— What you are asked to do —
Pictures are to be left out; otherwise, copy exactly the lines from the line containing "Chanel Black and" through the end of the data.

— Information provided —
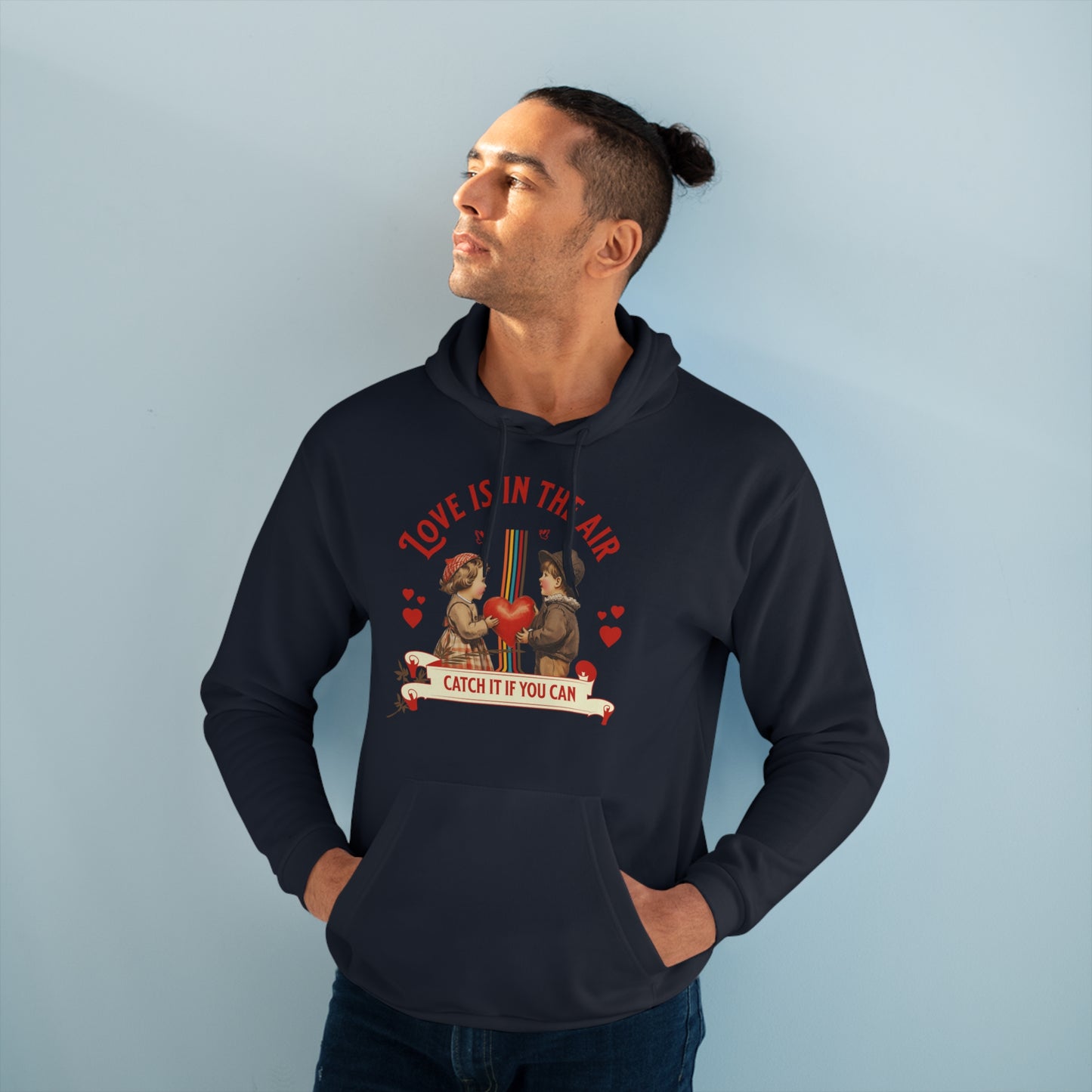 Valentinsdag Sweatshirt, Unisex Pullover, Sød Hættetrøje til Par, Gave til Hende/Ham, Hyggelig Sweatshirt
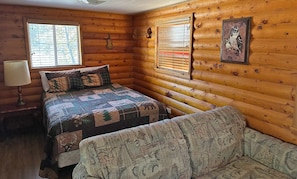 Comfort Cabin, 1 Bedroom, Kitchenette, Mountain View | Living area | 32-inch LED TV with satellite channels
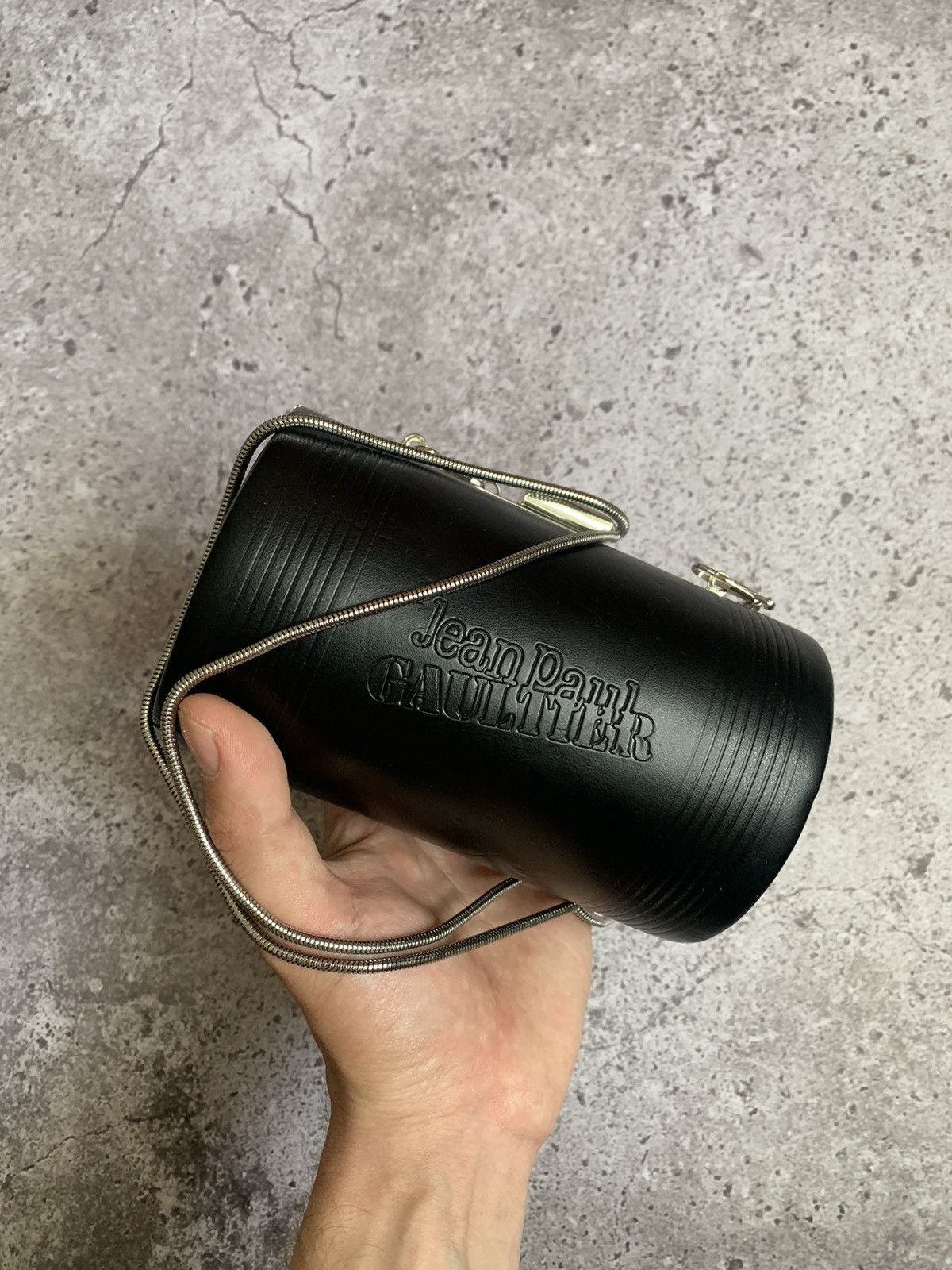 Designer JPG Jean Paul Gaultier cylinder black leather bag Size ONE SIZE - 1 Thumbnail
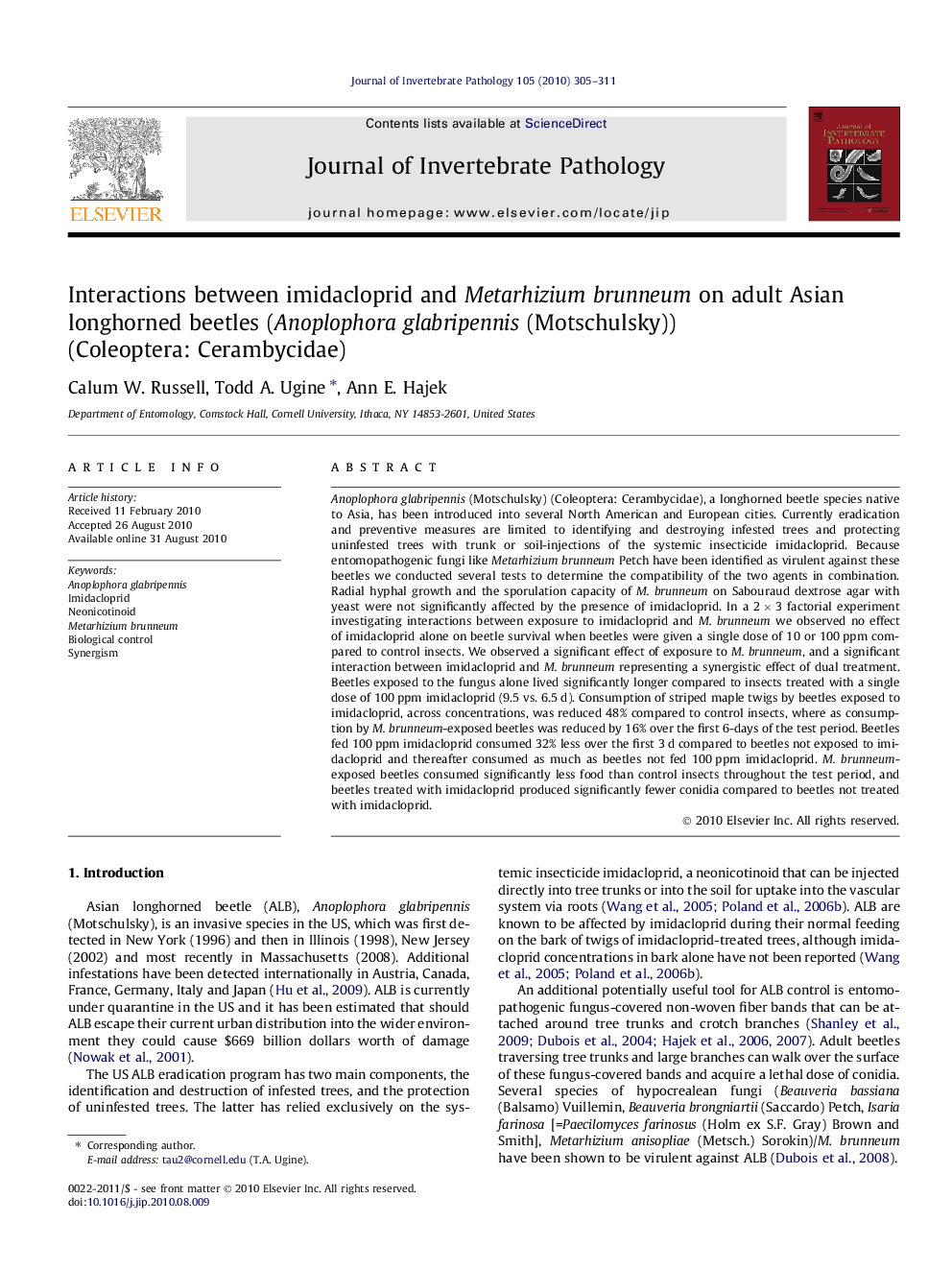 Interactions between imidacloprid and Metarhizium brunneum on adult Asian longhorned beetles (Anoplophora glabripennis (Motschulsky)) (Coleoptera: Cerambycidae)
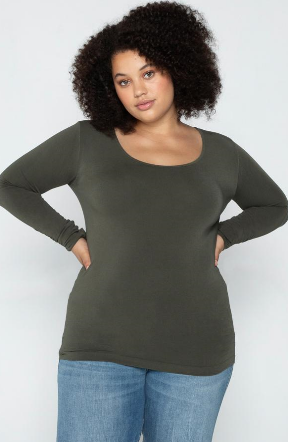 Bamboo Long Sleeve V Neck Top in Olive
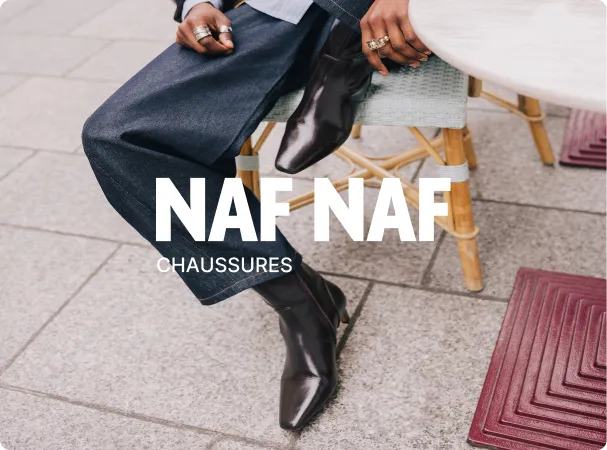 Chaussures noires NAF NAF portées avec un jean, collection chaussures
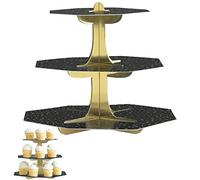 WedDecor Black & Gold Cupcake Stand 3 Tiered Serving Pastry, Dessert, Muffins, Platter for Weddings Birthday Baby Shower Tea Parties & Other Events Decorations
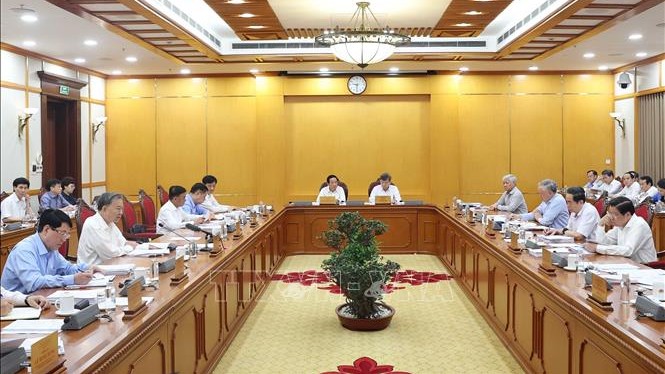 Tổng Bí thư Tô Lâm chủ trì cuộc họp cho ý kiến về tiến độ sắp xếp tổ chức bộ máy và đơn vị hành chính các cấp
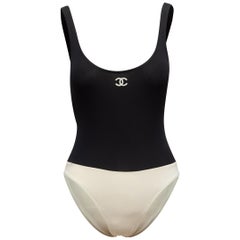 Chanel Black and White CC One-Piece Swimsuit at 1stDibs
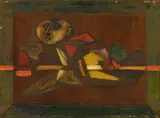 Jankel Adler, Figur, 1941, Oil on wooden panel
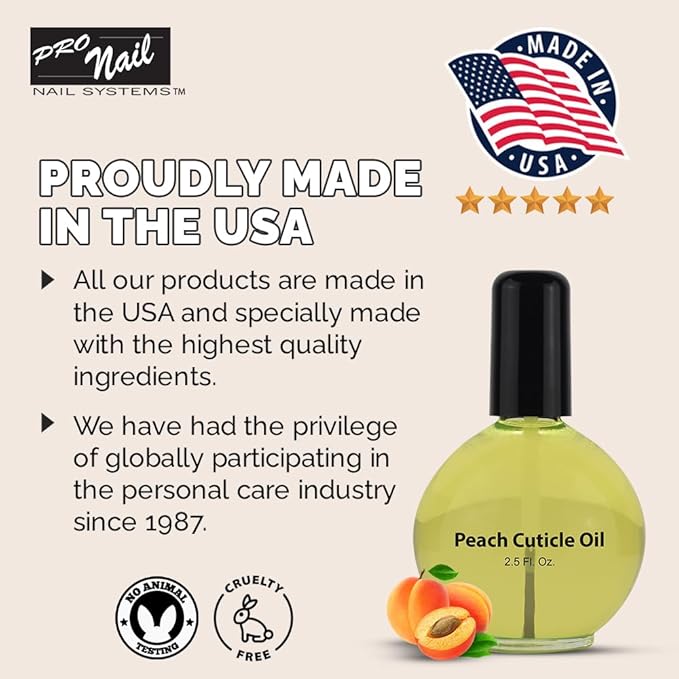 PRO NAIL - Cuticle Revitalizing Oil for Nails, Peach, 2.5 Oz - Professional Strength, Pedicure and Manicure - Moisturizes and Strengthens Nails and Cuticles - Soothing and Nourishing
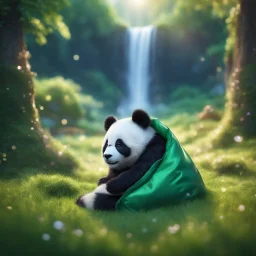 pen outline, waterfall, panda in luxury sleeping bag on green lawn in magical forest ,bokeh like f/0.8, tilt-shift lens 8k, high detail, smooth render, down-light, unreal engine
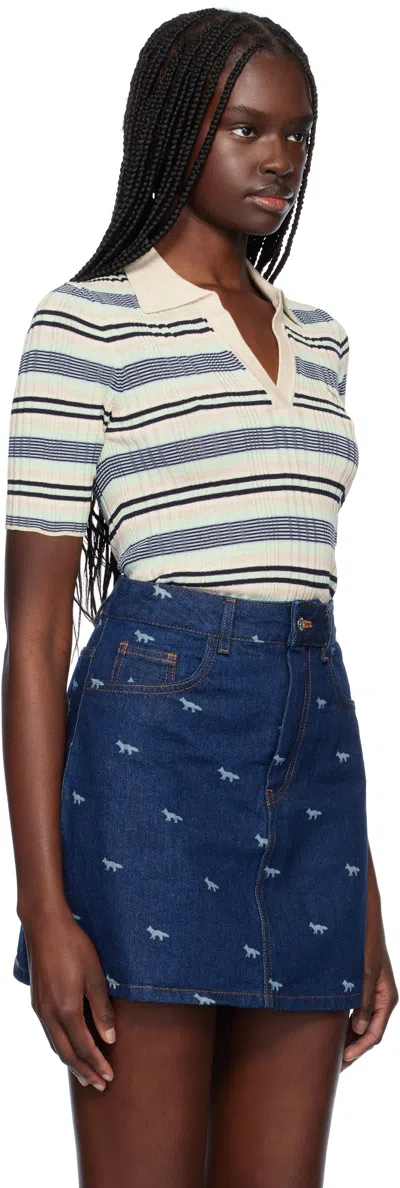 Maison Kitsuné Fine Rib Striped Polo In 0269 Mint Ice/smoke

— Expected answer —
 Chanel Black and White CC One-Piece Swimsuit at 1stDibs
 Jankel Adler, Figur, 1941, Oil on wooden panel
 PRO NAIL - Cuticle Revitalizing Oil for Nails, Peach, 2.5 Oz - Professional Strength, Pedicure and Manicure - Moisturizes and Strengthens Nails and Cuticles - Soothing and Nourishing
 pen outline, waterfall, panda in luxury sleeping bag on green lawn in magical forest ,bokeh like f/0.8, tilt-shift lens 8k, high detail, smooth render, down-light, unreal engine
 Maison Kitsuné Fine Rib Striped Polo In 0269 Mint Ice/smoke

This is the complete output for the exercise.